Assigned task - Below are some records. Return exactly their lines from the one containing "PU Imitation Leather" through the one containing "con Plafones LED", and drop the pictures.

Listed records -
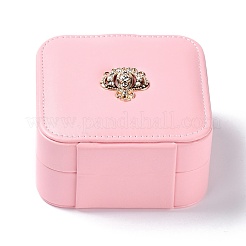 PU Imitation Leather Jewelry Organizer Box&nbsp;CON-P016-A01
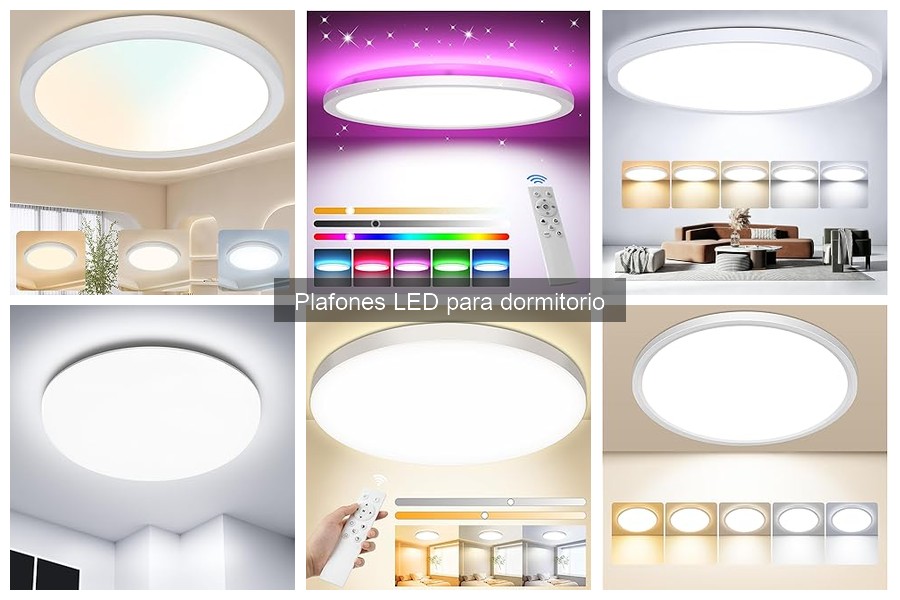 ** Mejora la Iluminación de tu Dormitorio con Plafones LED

---

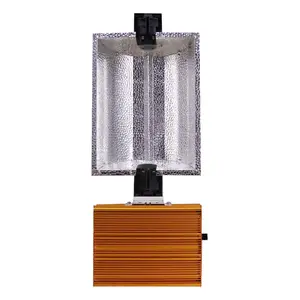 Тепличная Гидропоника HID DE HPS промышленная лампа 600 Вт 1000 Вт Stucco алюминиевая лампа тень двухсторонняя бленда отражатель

Exercise response -
 PU Imitation Leather Jewelry Organizer Box&nbsp;CON-P016-A01
 ** Mejora la Iluminación de tu Dormitorio con Plafones LED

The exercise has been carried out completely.